§ Material provided
━━━━━━━━━━━━━━━━

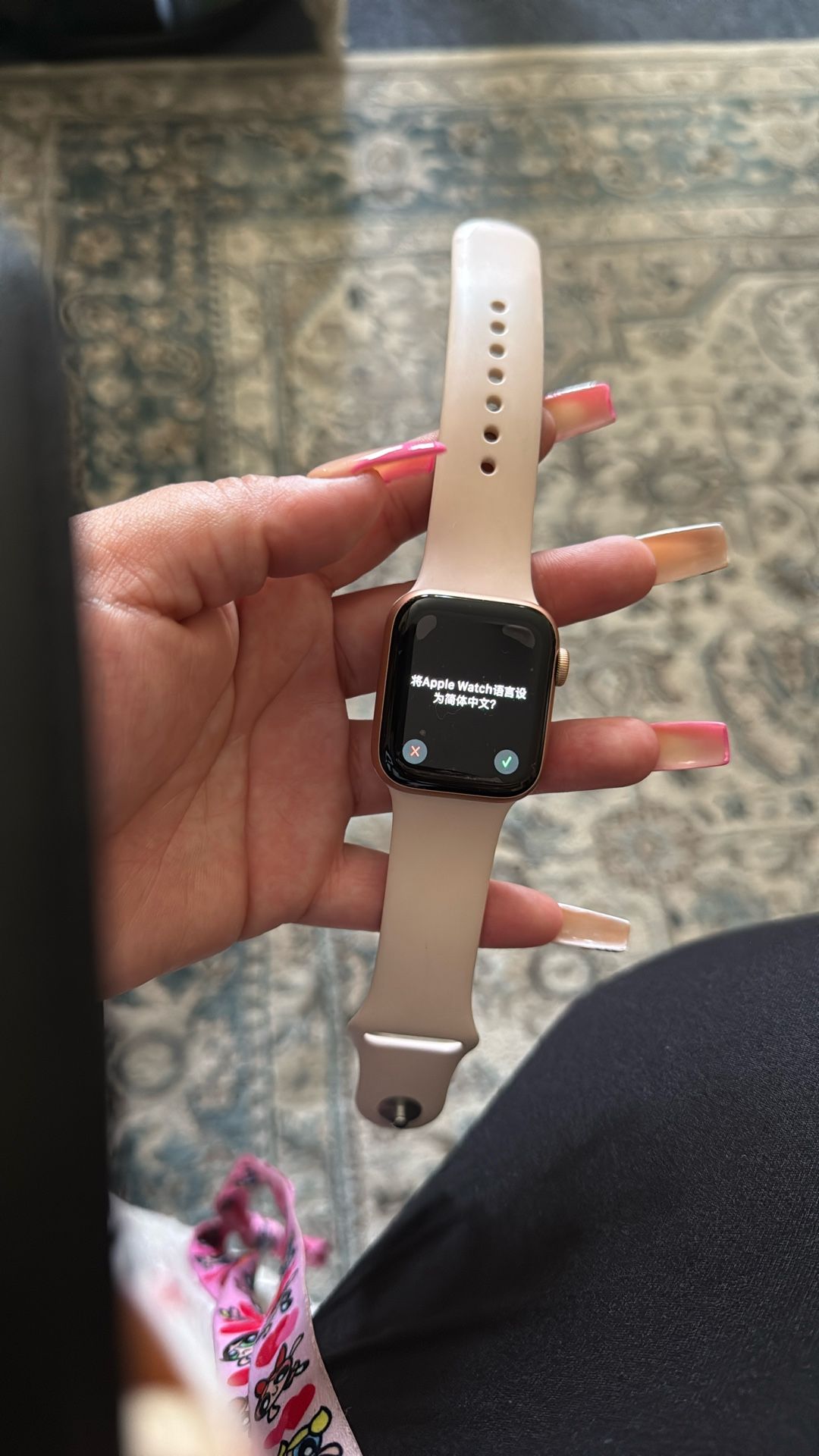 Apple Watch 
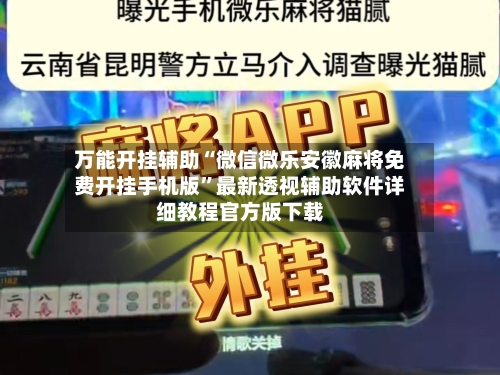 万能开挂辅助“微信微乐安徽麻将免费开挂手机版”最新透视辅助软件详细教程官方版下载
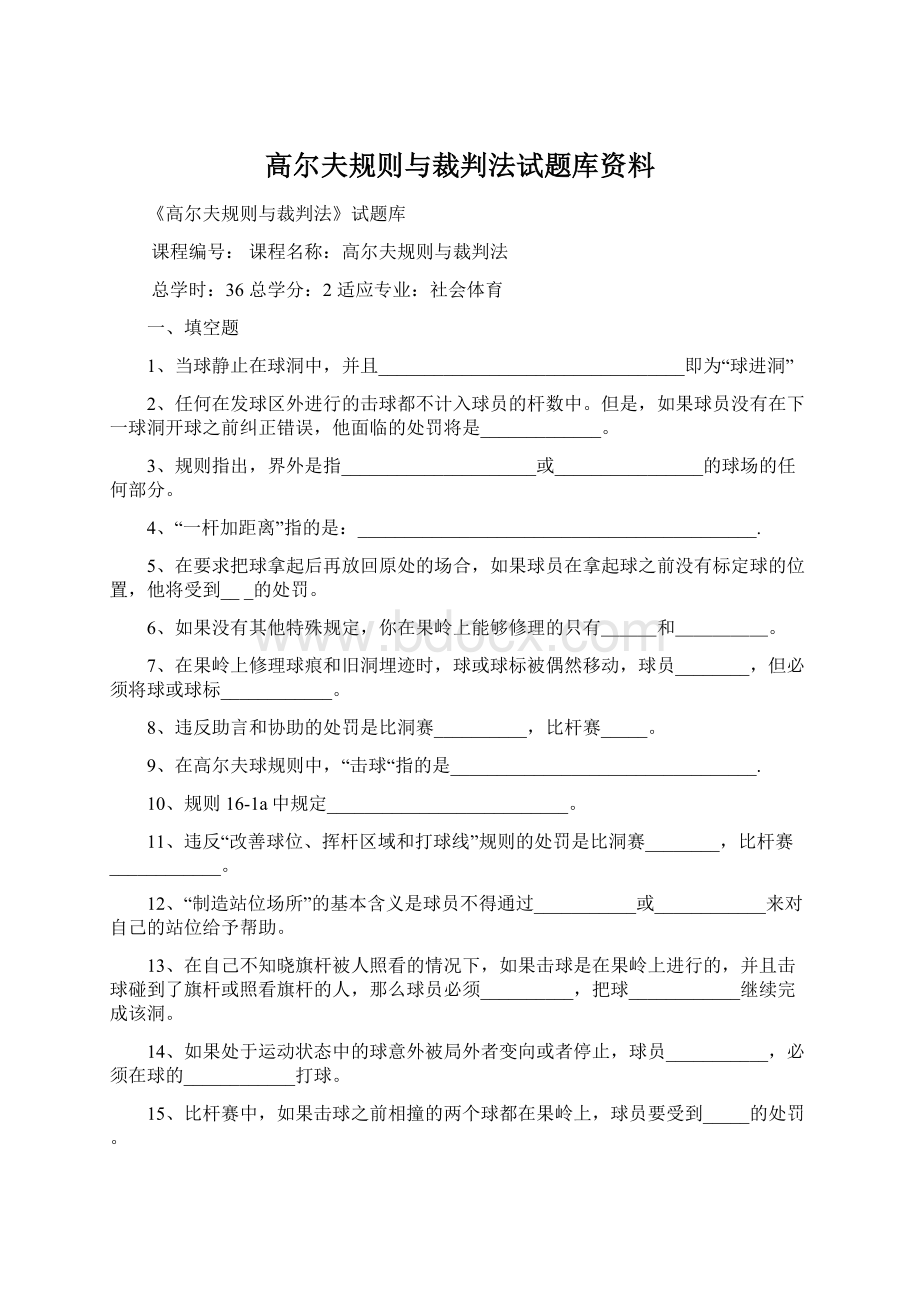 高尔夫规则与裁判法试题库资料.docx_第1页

━━━━━━━━━━━━━━━━

§ Assignment
In the answer, all of the material should appear exactly as given, with no picture carried over.

§ Solution to the exercise
 Apple Watch 
 万能开挂辅助“微信微乐安徽麻将免费开挂手机版”最新透视辅助软件详细教程官方版下载
 高尔夫规则与裁判法试题库资料.docx_第1页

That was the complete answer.